[Start of Attachment]

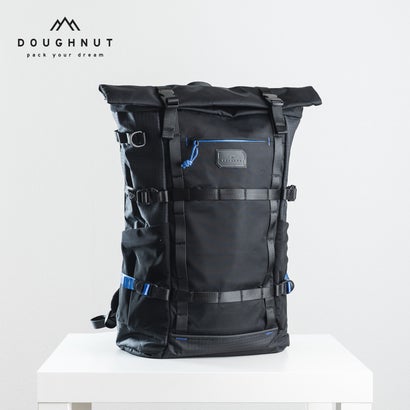 ドーナツ DOUGHNUT 背嚢 うしろ側容器に並べる デイパック 大静電容量 軽さPARATROOPERドーナツ 26L 再利用原材料 アウトドア 旅する 登山 ブランド名PND37400302DT （黒いこと）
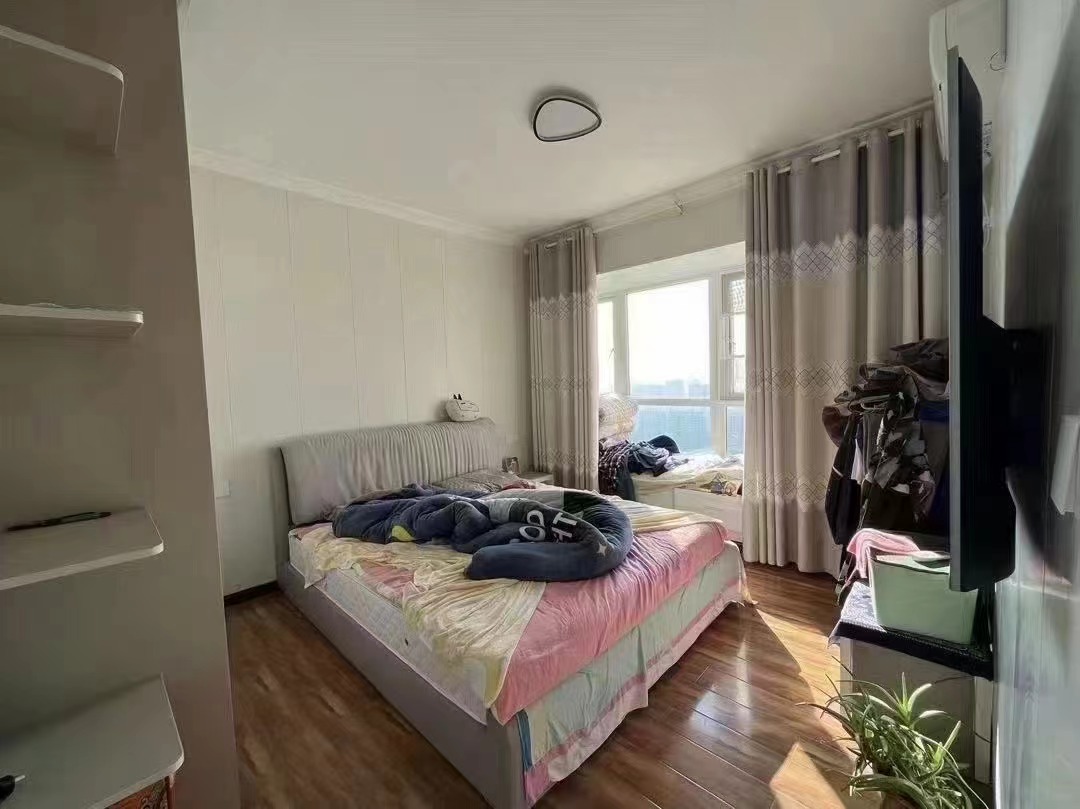 80，房东急售，城南福星城，精装大两房，成色新，家电家私齐全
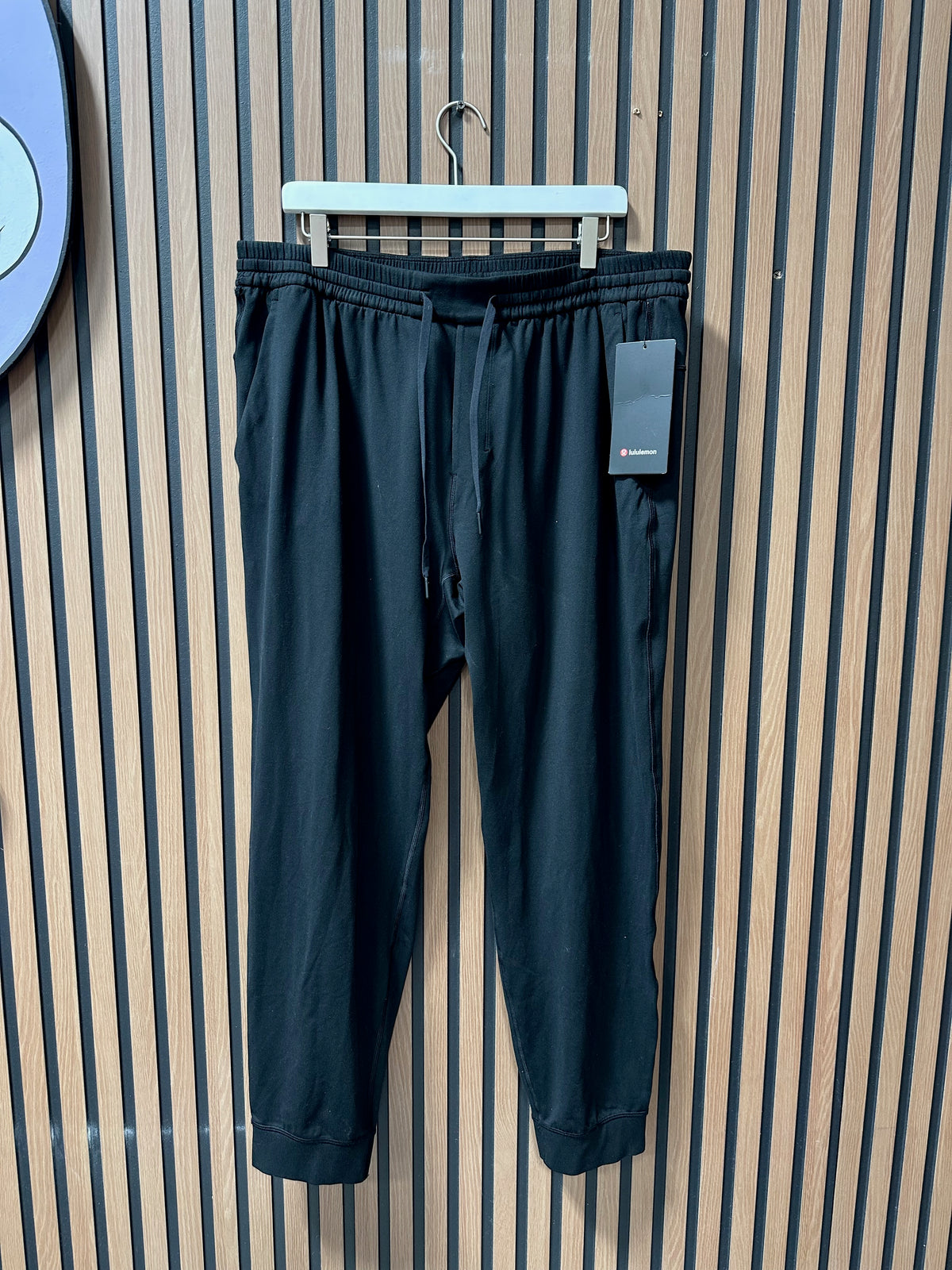 New with tag Lululemon Men's Soft Jersey Joggers sz 2XL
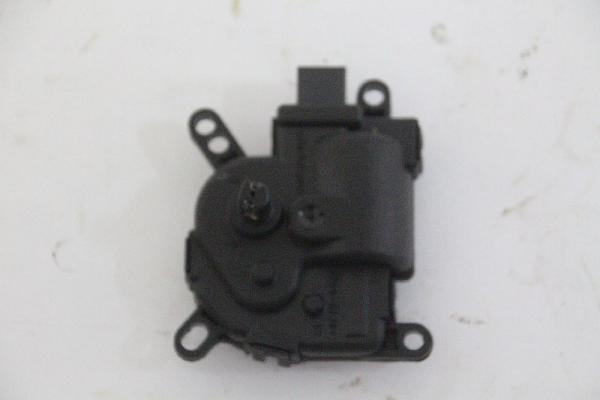 Stellmotor Heizung 1S7H19B634CA Ford FOCUS 2 Turnier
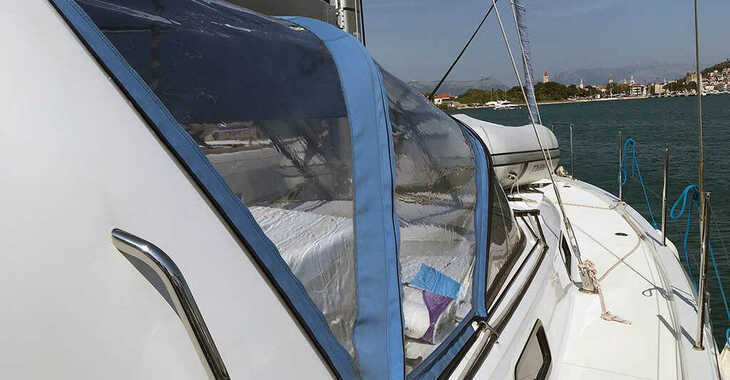 Rent a sailboat in Marina Baotić - Sun Loft 47 - 6 + 1 cab.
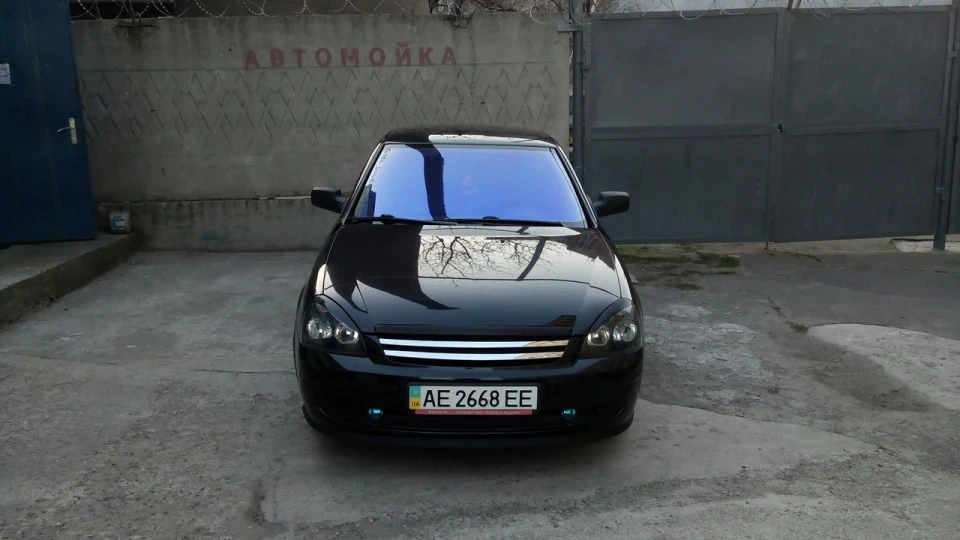 Lada Пріора Хетчбек Black Loves Chrome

[End of Attachment]

- _ABOUT THIS EXERCISE_:
Give back the listing word for word, minus its images.

- _EXERCISE SOLUTION_:
 ドーナツ DOUGHNUT 背嚢 うしろ側容器に並べる デイパック 大静電容量 軽さPARATROOPERドーナツ 26L 再利用原材料 アウトドア 旅する 登山 ブランド名PND37400302DT （黒いこと）
 80，房东急售，城南福星城，精装大两房，成色新，家电家私齐全
 New with tag Lululemon Men's Soft Jersey Joggers sz 2XL
 Stellmotor Heizung 1S7H19B634CA Ford FOCUS 2 Turnier
 Rent a sailboat in Marina Baotić - Sun Loft 47 - 6 + 1 cab.
 Lada Пріора Хетчбек Black Loves Chrome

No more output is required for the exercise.